銀座とギャバジン

銀座は、東京都中央区にありますよね。
日本一の繁華街。
日本中には何十、何百の「銀座」があるのでしょうか。
これひとつ考えてみても銀座が特別であるのが、解りますね。
また、何十、何百とあるのが、銀座が出てくる歌謡曲。
まさに、枚挙に暇なし。
誰でも知っている銀座の歌に、『銀座の恋の物語』。
♪ 心の底まで しびれるような
たしか、そんなふうにはじまるんでしたね。
昭和三十六年の流行歌。
短くして「銀恋」だけでも通じるくらいに流行ったものであります。
『銀座の恋の物語』は、昭和三十五年十二月一日の、録音。日活撮影所で。
なぜ、録音が十二月一日だったのか。
石原裕次郎の結婚式前に済ませておきたかったから。
石原裕次郎は録音前に譜面を渡されて、十分間の練習。それで、録音したという。
今も、数寄屋橋公園には「銀恋」の歌碑が立っているのは、ご存じの通り。
銀座は歌の似合う街。そしてまた、美食の似合う街。
美食の名店、老舗がこれほどの密度で並んでいる街は、外にはありません。
ひとつの例ではありますが、「資生堂パーラー」。
「資生堂フルーツパーラー」は、昭和三年にはじまっています。
これは明治三十五年の「ソーダーファウンテン」の発展したもの。
少なくとも百年以上の歴史を持っているわけですね。
「資生堂パーラー」の「オムライス」が好きというお方も少なくないでしょう。
場合によっては祖母、母、娘の三代に渡って、通っている例も珍しくはありません。
「資生堂」そもそものはじまりは、明治五年のこと。
福原有信によって。
これは日本で最初の西洋式薬局だったのです。
大正十三年十一月三日には、「資生堂月報」を創刊。
その後もこれと平行して、「資生堂グラフ」や「花椿」などの雑誌を出しています。
大正時代、昭和のはじめに、「資生堂」がどんな商品を扱っていたのか。
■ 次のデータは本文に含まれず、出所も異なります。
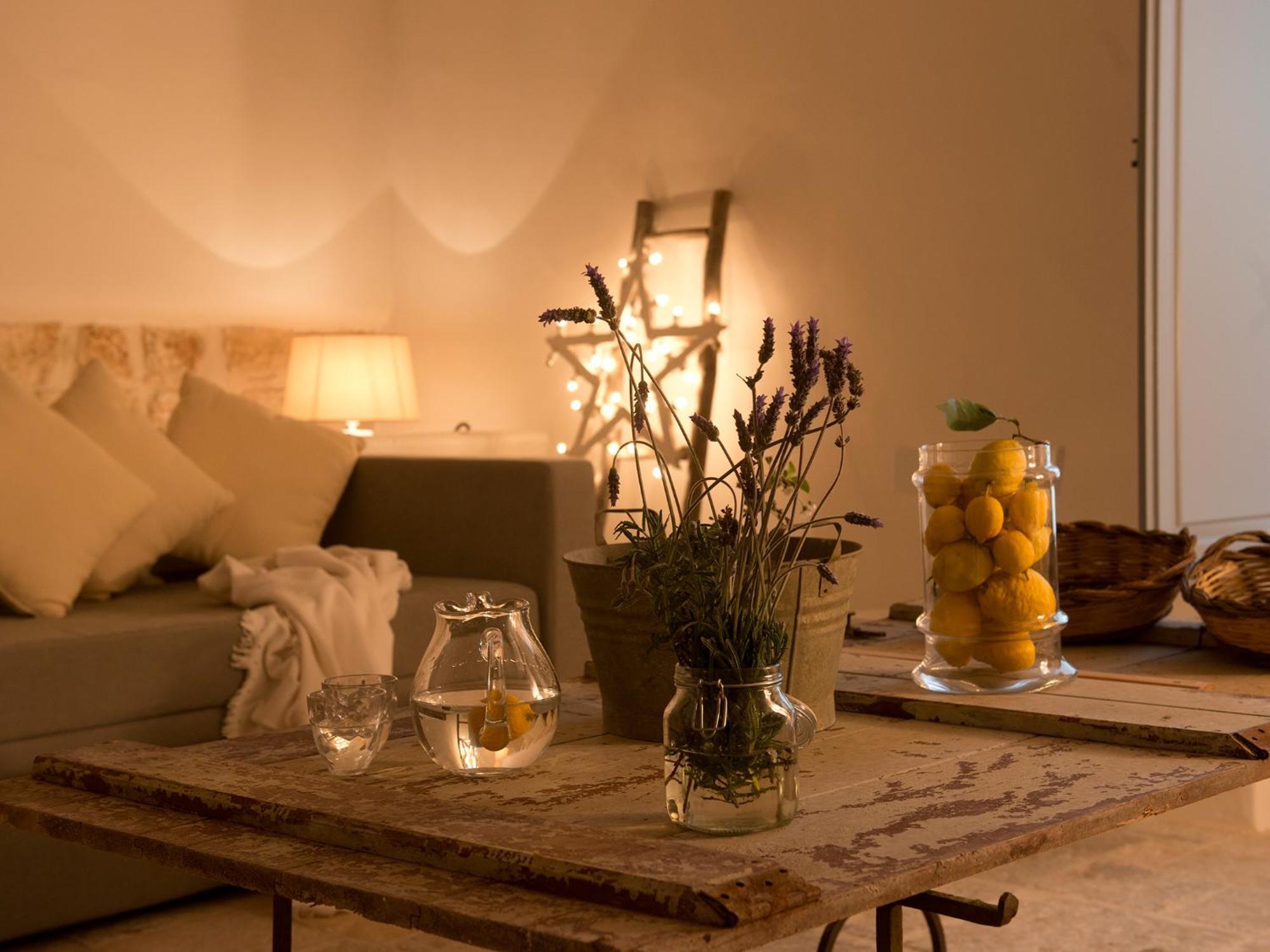 Nina Trulli Resort Сельва-ди-Фазано Экстерьер фото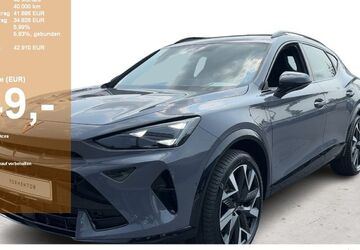 Cupra Formentor 12.800 km 42.700 &euro; Moers-Hülsdonk 47441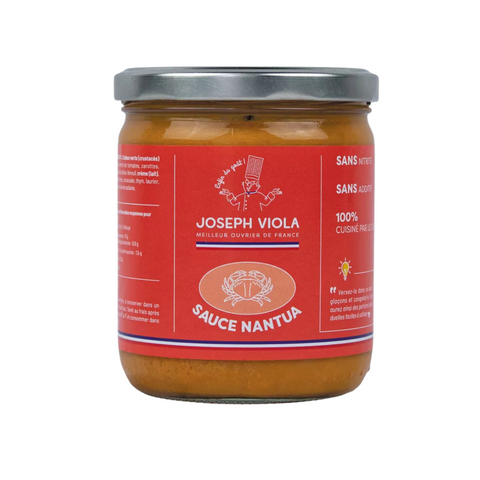 Salsa Nantua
それがよく分かるのも、これらの雑誌によってなのです。
たとえば、1938年「花椿」第七号(五月一日号)に、
大田黒元雄が、「靴下」について書いています。

「同じく舶来の靴下は、例のモオレイの製品がたしか一打で十圓ぐらゐであつた、」

大田黒元雄はそのように書いています。
モーレーは当時あった英国のメイカー。「一打」が一ダースの意味であるのは、言うまでもないでしょう。
その時代にはダース単位で買うのが、常識だったので。
これは明治末期の靴下の値段についての貴重な記録でもあるでしょう。
資生堂が出てくるミステリに、『雨』があります。
1951年に、松本惠子がは発表した物語。

「肩を斜めにして種々雑多な人々を右によけ、左によけしながら資生堂の角を曲がって銀座裏へ出た。」

これは物語の主人公である「私」の行動について。
また、『雨』にはこんな描写も出てきます。

「ビスケット色のギャバディンの背広を着た二十五六の青年が、」

当時、ギャバディンgabadin は、一世風靡したものです。
どなたかビスケット色のギャバディン・スーツを仕立てて頂けませんでしょうか。